A thirty-five year commitment
While Macmorran walks in the footsteps of winemakers who have come before him at Red Willow, he will soon have the opportunity to create his own path. The Sauers recently replanted a section of Red Willow. Though they had frequently discussed with Macmorran what grape and what clones to plant on the block (Cabernet Sauvignon Clone 191 and 337 were eventually planted), Macmorran had no idea that the fruit would eventually be destined for his winery.

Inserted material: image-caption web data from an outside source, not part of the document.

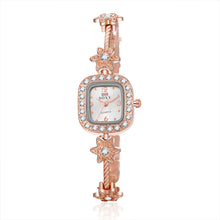 Women Casual Wrist Watches Luxury Rhinestone Flower Rose Gold Bracelet Wrist Watch Women Girl relojes mujer IMY66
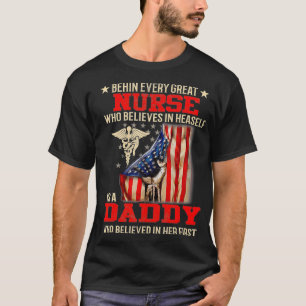 Camiseta Detrás de cada gran enfermera que cree en sí misma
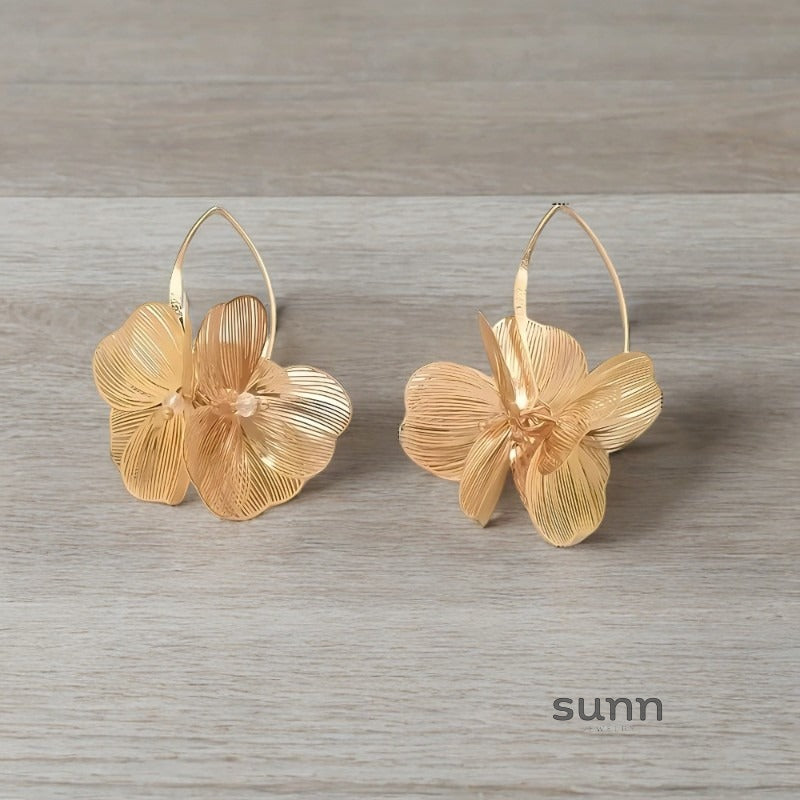 Ziyah Gold Bloom Earrings [N5GZ7N3W]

“We were standing down at the bottom of the ‘93 Merlot block, kind of like you do just talking about fruit and grapes and weather and kicking dirt and that kind of stuff. And Mike just says, ‘What do you think about that Cabernet Sauvignon block up on the hill?’ I said, ‘I think it’s going to be incredible Mike. I’m sure you’ve got a laundry list of guys who are trying to throw their name on that.’ And he said, ‘Well we do but we’d really like it if you took it for Manu Propria.’”
Stunned, Macmorran almost felt as if he were involved in a prank on Candid Camera. “I kind of got that kind of queasy feeling, like, what just happened?” Macmorran says. “I’m kind of looking around waiting for someone to jump out with a camera or something. And Mark (McNeilly) just says ‘Wohoo!’ and gave me a huge high five.” Macmorran says that McNeilly’s enthusiastic support has been vital to getting the winery started. “None of this could have happened without Mark. He’s really been such a huge piece of this.”
While the new vines mature, Macmorran intends to declassify the fruit into a lower priced wine. Eventually, he hopes to create a reserve Cabernet from the block to serve as a companion to the Ex Animo. Though the vines are young, for Macmorran, his plans for the new Cabernet plantings are long term.
“For me, it’s a 35 year commitment,” he says. “I want to be making wine off that block when I’m 70 years old.” Of course, Macmorran hopes that his son Jack will follow in his footsteps and be there alongside him then, but he knows it might not work out that way.
“I’m sure by the time he’s 18 he’s going to want to move to Capitol Hill and be a bartender, which…we’ve all been there,” Macmorran says with a laugh. “That will be fine too. At least it will be there for him when he comes back from the city and wants to be a farmer.” Indeed, the Macmorrans and Manu Propria, the Sauers and Red Willow will be there waiting as another generation passes through this hallowed ground.
Pictures by Caylee Betts courtesy of Manu Propria.
Manu Propria Ex Animo Cabernet Sauvignon Red Willow Vineyard Yakima Valley 2010 $35
Rating: (Excellent/Exceptional) An aromatically subdued but intriguing wine with pink peppercorn, leather, mocha powder, and a fascinating medley of high toned herbal notes – including mint and tarragon – along with dried cherries. The palate is medium bodied, subtle, showing both intensity and restraint with pure flavors of bittersweet chocolate, leather, tobacco leaf and spice with fine-grained tannins and a citrus twist at the finish. Quite a unique wine for Washington – I can’t think of another like it – that leans more toward the Old World than the New but is still also distinctly Washington. A steal at $35. 83% Cabernet Sauvignon, 14% Merlot, and 3% Malbec. Aged in French oak (73% new). 14.7% alcohol. Sample provided by winery.